Ensuite, notre autre innovation est liée à la création avec notre outil propriétaire de DCO (Dynamic Creative Optimization) capable de délivrer des publicités en temps réel, suivant le lieu, les contextes ou les ciblages spécifiques. Avec toutes ces variables-là, on peut délivrer 500 spots différents de façon automatique et en temps réel. C’est très facile à produire, à valider pour la marque, à diffuser et le tout avec un reporting très clair une fois la campagne terminée. Nous avons su le rendre simple, efficace et le démocratiser. 

Pouvez-vous expliquer l’importance croissante du local audio dans les stratégies publicitaires ?

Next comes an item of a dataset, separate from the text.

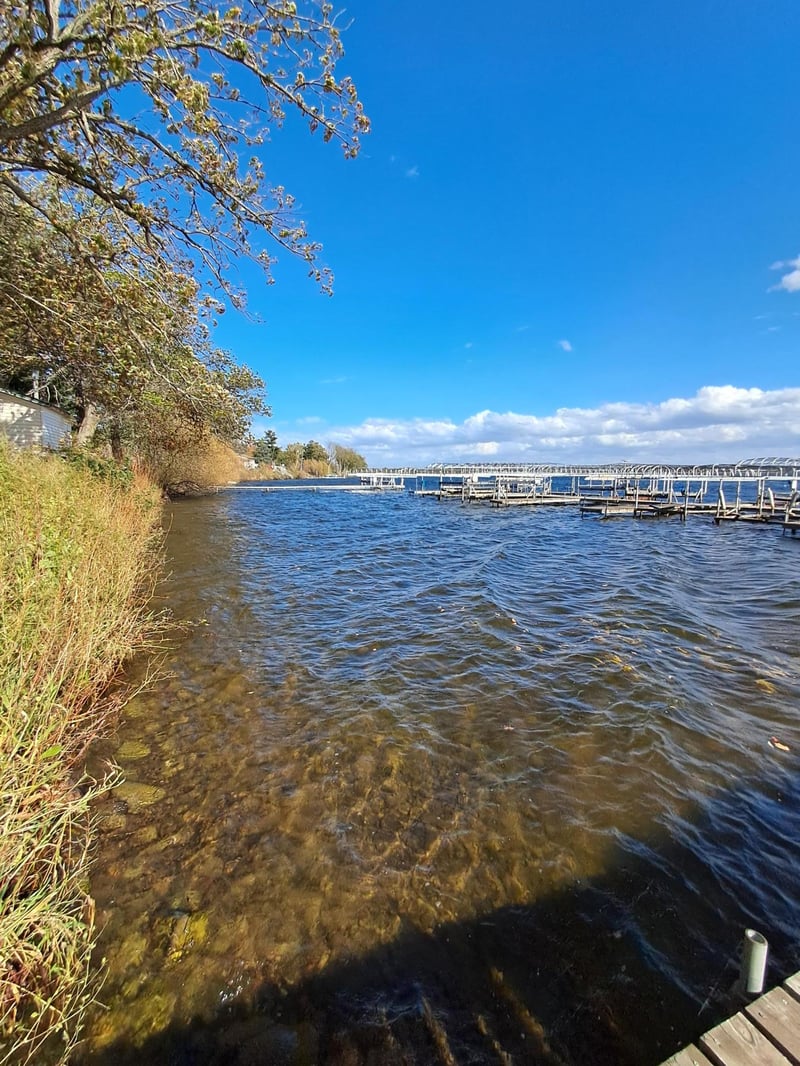 25637 Circle Dr, Garrison, MN 56450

K.E.H. : Fin 2024, début 2025, signera la fin du prospectus. Les marques n’auront plus le droit d’en imprimer. C’est un vrai enjeu : comment communiquer sans, tout en continuer de toucher les gens ? Nous avons créé un produit, Paperless, pour palier cela. Demain, vous pourrez l’avoir dans les oreilles, avec chaque jour des créations différentes qui s’adresseront soit à monsieur ou madame. Avec une couverture sur cible de 7, 8, 9 ou 10, on pourra délivrer un prospectus bien spécifique, sur une zone géographique précise et une personne donnée. Le tout, avec tous les avantages de l’audio, comme des frais de production bien moindres comparés à ce qui a été dépensé pour les prospectus. 

N.T. : Nous avons des demandes de plus en plus importantes pour l’audio local, les entités locales des agences médias activent de plus en plus les deux deux derniers-nés du digital, le DOOH et l’audio-digital. Il n’y a pas de local vidéo, pourquoi ? Parce que l’asset à produire coûte trop cher. 

Quelles sont vos prédictions pour l’avenir du marché de la publicité audio digitale dans les prochaines années ?

N.T. : Le marché suit à peu près la même courbe d’évolution que le marché de la vidéo, né il y a 7-8 ans. On doit donc être en 2014-2015 du marché de la vidéo, on verra la même croissance, mais avec un encombrement publicitaire mesuré. Ensuite, le marché est très lié à des contenus de qualité premium, il n’y a pas de fausses écoutes musicales ou de fausses écoutes radio. 

En revanche, il faut être très attentif, le réguler, et sortir des études qui vont rassurer à la fois les marques, les agences médias et tout ce milieu sur l’apport de l’audio digital ou global dans un plan plurimédia. 

K.E.H. : La fin du cookie tiers cette année va remettre le contextuel sur le devant de la scène. De ce point de vue là, l’audio est le média du contextuel par excellence. La fin du cookie tiers va forcément impacter le marché du display, et renforcer le marché de l’audio-digital puisqu’on peut communiquer sur des contenus affinitaires par rapport à la problématique d’une marque, par exemple. Tous ces autres sujets vont driver la croissance du marché de l’audio-digital. 

N.T. : Le chiffre le plus important, c’est le taux de complétion moyen d’une campagne audio-digitale, entre 95 et 97%. Pourquoi ? Soit le contenu a été lancé et il a été écouté avec la publicité, soit il n’a pas été écouté et il n’y a pas de publicité derrière.